═══ MATERIAL TO PROCESS ═══

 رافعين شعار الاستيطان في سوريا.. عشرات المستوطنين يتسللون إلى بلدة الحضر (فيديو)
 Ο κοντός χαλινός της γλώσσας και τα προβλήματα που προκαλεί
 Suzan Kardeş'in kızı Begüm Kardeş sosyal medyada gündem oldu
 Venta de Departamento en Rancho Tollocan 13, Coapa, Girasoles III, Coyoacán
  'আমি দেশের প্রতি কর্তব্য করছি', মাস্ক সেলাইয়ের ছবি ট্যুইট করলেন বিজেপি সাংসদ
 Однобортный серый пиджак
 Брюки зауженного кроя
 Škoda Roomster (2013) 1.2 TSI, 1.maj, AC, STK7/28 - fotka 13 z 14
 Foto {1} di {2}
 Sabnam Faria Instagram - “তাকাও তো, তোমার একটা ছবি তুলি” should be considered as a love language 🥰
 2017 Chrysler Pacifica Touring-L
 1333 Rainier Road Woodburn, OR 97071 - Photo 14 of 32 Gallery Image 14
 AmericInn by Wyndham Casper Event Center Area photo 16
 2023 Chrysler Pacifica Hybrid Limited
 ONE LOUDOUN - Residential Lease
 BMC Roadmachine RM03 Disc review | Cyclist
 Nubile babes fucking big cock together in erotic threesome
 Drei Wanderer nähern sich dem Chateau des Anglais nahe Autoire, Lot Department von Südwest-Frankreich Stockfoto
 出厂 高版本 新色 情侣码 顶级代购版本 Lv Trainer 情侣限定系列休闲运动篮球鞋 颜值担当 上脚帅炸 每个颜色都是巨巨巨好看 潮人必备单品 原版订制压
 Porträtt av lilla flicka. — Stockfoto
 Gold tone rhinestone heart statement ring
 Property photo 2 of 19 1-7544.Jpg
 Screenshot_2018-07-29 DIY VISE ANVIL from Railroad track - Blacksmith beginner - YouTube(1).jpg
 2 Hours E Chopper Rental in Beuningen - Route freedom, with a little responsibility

═══

Each line that includes the string "Chrysler" should be copied from the data.

 2017 Chrysler Pacifica Touring-L
 2023 Chrysler Pacifica Hybrid Limited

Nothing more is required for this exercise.